How to identify relevant features in WEKA?

6.5k Views Asked by At

I would like to perform feature analysis in WEKA. I have a data set of 8 features and 65 instances.

I would like to perform feature selection and optimization functionalities that are available for machine learning methods like SVM. For example in Weka I would like to know how I can display which of the features contribute best to the classification result.

I think that WEKA provides a nice graphical user interface and allows a very detailed analysis of the influence of single features. But I dont know how to use it. Any help?

1

There are 1 best solutions below

10
On

You have two options:

  • You can perform attribute selection using filters. For instance you can use the AttributeSelection tab (or filter) with the search method Ranker and the attribute evaluation metric InfoGainAttributeEval. This way you get a ranked list of the most predictive features according to its Information Gain score. I have done this many times with good results. Sometimes it helps even to increase the accuracy of SVMs, which are known not to need (too much) of feature selection. You can try with other search methods in order to find subgroups of coupled predictors, and with other metrics.

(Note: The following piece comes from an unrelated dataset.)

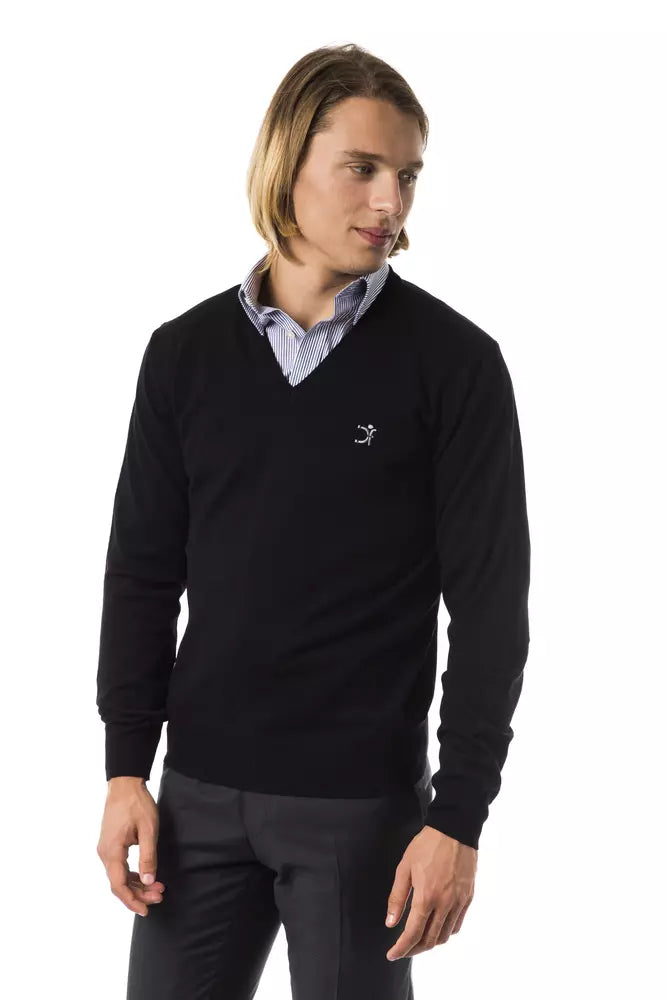 Uominitaliani Merino Wool Sweater - Black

  • You can just look at the coefficients in the SVM output. For instance, in linear SVMs, the classifier is a polynomial like a1.f1 + a2.f2 + ... + an.fn + fn+1 > 0, being ai the attribute values for an instance, and fi the "weights" obtained in the SVM training algorithm. In consequence, those weights with values close to 0 represent attributes that do not count too much, thus being bad predictors; extreme weights (either positive or negative) represent good predictors.

Additionally, you can check the visualization options available for a particular classifier (e.g. J48 is a decision tree, the attribute used in the root test is for the best predictor). You can check the AttributeSelection tab visualization options as well.